Do you validate your email addresses? You are probably using the email validator in a framework like Angular or Spring Boot? If so, than you can do way better.
Why do I need email validation?
When collecting email address through a form on a website, you probably want to send out emails to that address. Misspelled or temporary addresses won’t help you. You will just get a bounce or even worse: your first email works, but the email address is gone after that. So further contact to your customer or a potential lead won’t work.
So you need to improve your delivery rate and clean your email lists, by separating low-quality email addresses from real users.
What are the wrong ways?
Most frameworks validate emails just by using a regular expression. For Angular this is:
const EMAIL_REGEXP = /^(?=.{1,254}$)(?=.{1,64}@)[a-zA-Z0-9!#$%&'*+/=?^_`{|}~-]+(?:\.[a-zA-Z0-9!#$%&'*+/=?^_`{|}~-]+)*@[a-zA-Z0-9](?:[a-zA-Z0-9-]{0,61}[a-zA-Z0-9])?(?:\.[a-zA-Z0-9](?:[a-zA-Z0-9-]{0,61}[a-zA-Z0-9])?)*$/;
You can test it on Regex101.com. With this regex even a@b.c
is a valid email address. Neither is c
a valid top-level domain, nor is b.c
a valid server.
What do I need to do it right?
Validating your email addresses with a regular expression as first step is not wrong. It’s a good idea to eliminate completely wrong values. This helps to minimize more time consuming validation later on.
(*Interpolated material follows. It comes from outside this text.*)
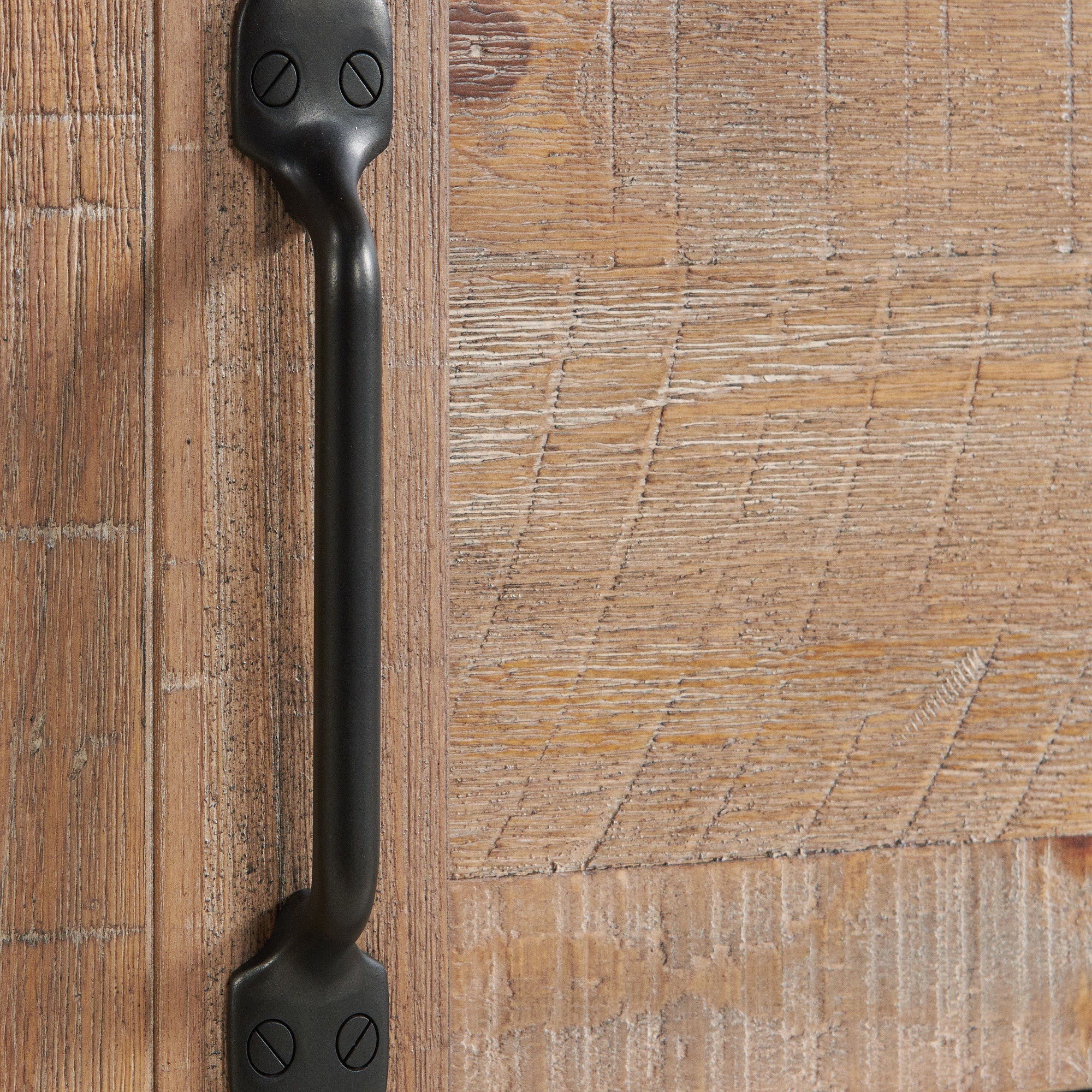 Highland - Sideboard - Sandwash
The next step is to check if the server in the email address exists and if it has an MX-record. When you visit a website your browser requests a DNS-Server to give him the IP address of server like weyprecht.de. The A record here is domain name: weyprecht.de ip: 217.160.0.79
. If you want to open this website, then this would be enough, but if you want to write an email, you also need the MX-record, which is hostname: mx00.ionos.de ip: 212.227.15.41
. As you can see, the mail is handled by a different server than the website.If you check for those records, you know that the server part of your email address is a real server and it has an associated email server.
You could now try to connect via SMTP to that email server and ask, if that username, the first part of your email address, exists. If you can connect via SMTP to the server, this is already a very good sign. Most servers won’t allow the check for a username, because that is a security risk for them. The problem is: if you cannot connect to an SMTP server, this does not mean, that the server is bad and the email address invalid. Most servers have a block list of IPs, they don’t allow connections from, and it contains every dynamic IP you will get in home addresses. So if you can connect to a SMTP it’s just a hint that everything is good.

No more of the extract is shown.